_What you are asked to do_
Starting from the line with "Vector Illustration of" and going up to and including the line with "Gira 109429 afdekraam", copy the listing below exactly. Leave all images out.

_Supplied data_
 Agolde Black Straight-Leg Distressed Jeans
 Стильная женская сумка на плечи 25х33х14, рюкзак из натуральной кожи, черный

---

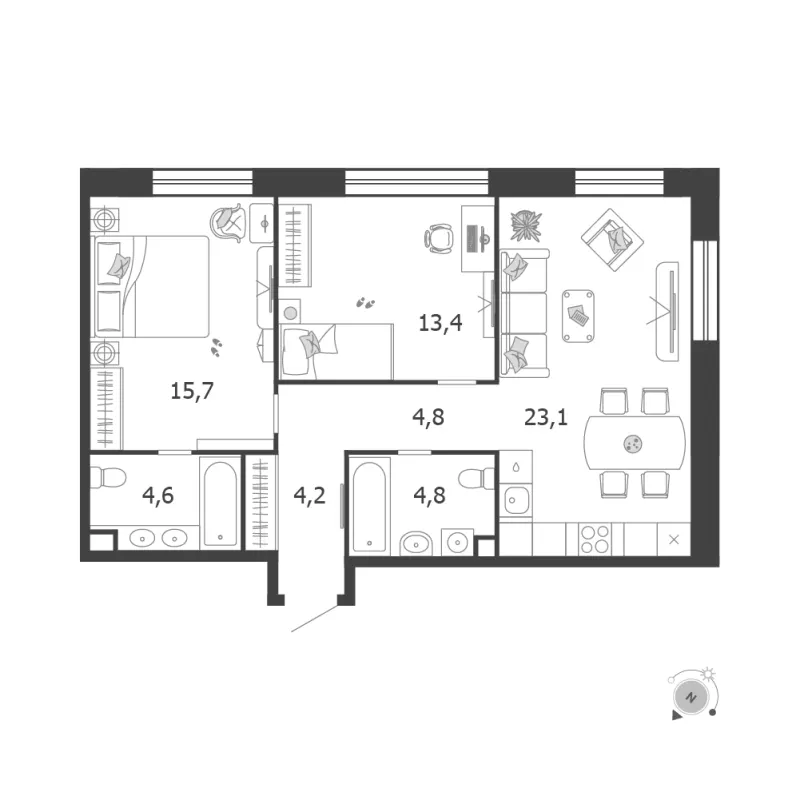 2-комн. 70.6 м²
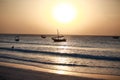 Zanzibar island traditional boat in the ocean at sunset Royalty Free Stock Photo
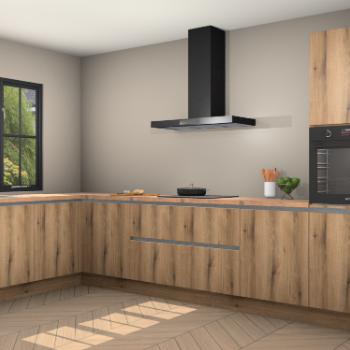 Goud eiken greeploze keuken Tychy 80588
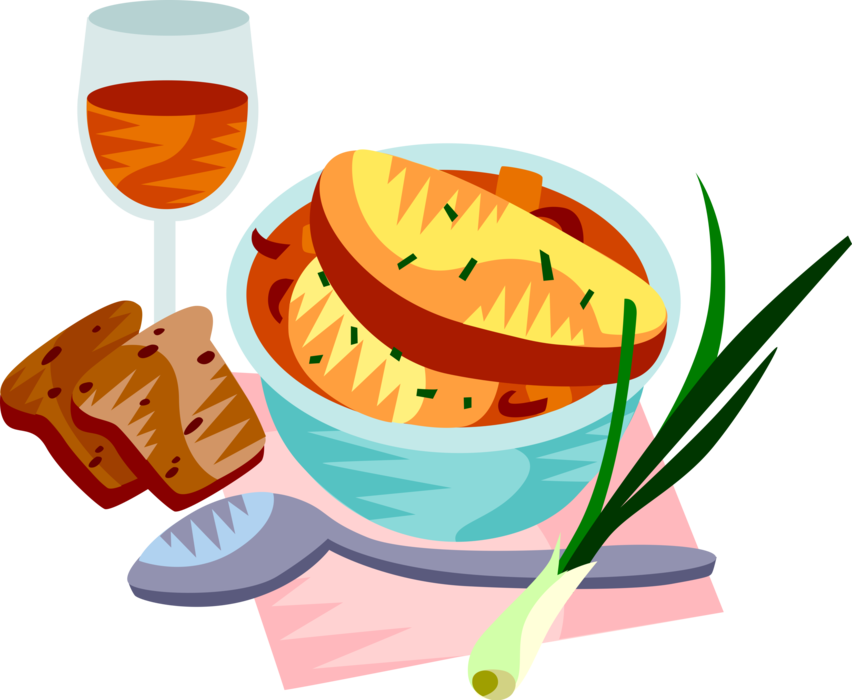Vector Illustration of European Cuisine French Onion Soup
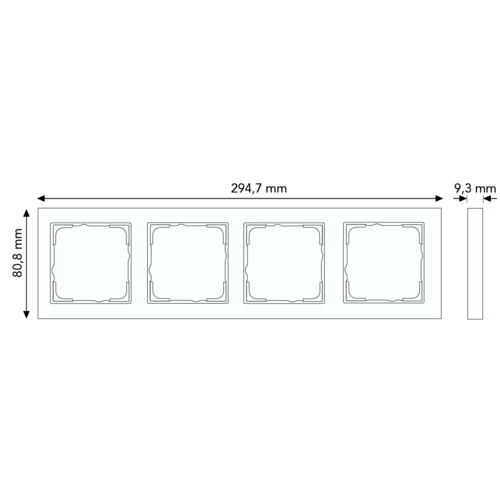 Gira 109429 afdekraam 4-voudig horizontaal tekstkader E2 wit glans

_Solution to the problem_
Vector Illustration of European Cuisine French Onion Soup
 Gira 109429 afdekraam 4-voudig horizontaal tekstkader E2 wit glans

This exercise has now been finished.